* REQUIRED ACTION: Set down again, exactly and only, the lines from the one that contains "Forrester Gallery curator" through the last line of the records below, both included, but not the pictures.

[Short web captions]
▬▬▬▬▬▬
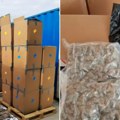 (Foto) Zaplenjena droga vredna više od 160 miliona evra, rekordna akcija policije: U kutijama nađeno 12 tona, uhapšene tri…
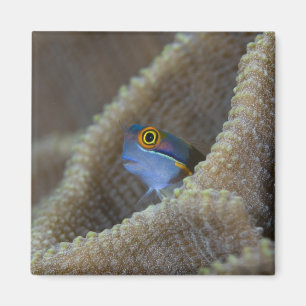 Blenny fish Blenniidae), die sich den Kopf raussch Magnet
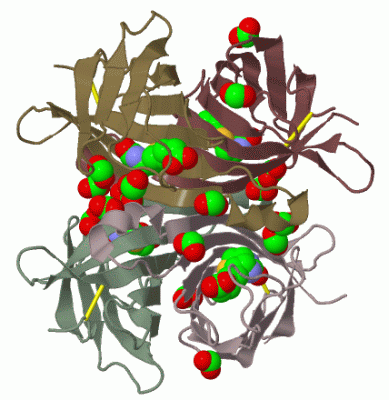 Image Biol.Unit 1 - manually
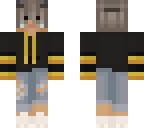 aspen north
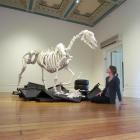 Forrester Gallery curator Alice Lake-Hammond views one of the latest exhibitions, sculptures by...
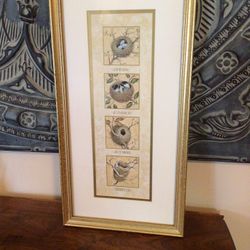 Framed Print - Seasonal Bird Nests 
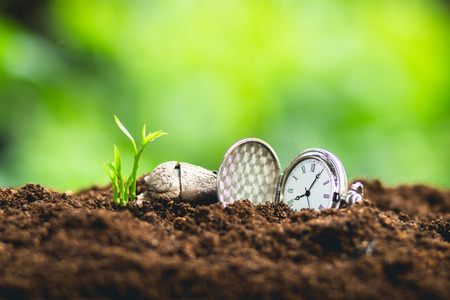 Time and growth the seed Planting seeds Protect the Sapling Sapodilla treeの写真素材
▬▬▬▬▬▬
* RESULT OF THIS TASK:
 Forrester Gallery curator Alice Lake-Hammond views one of the latest exhibitions, sculptures by...
 Framed Print - Seasonal Bird Nests 
 Time and growth the seed Planting seeds Protect the Sapling Sapodilla treeの写真素材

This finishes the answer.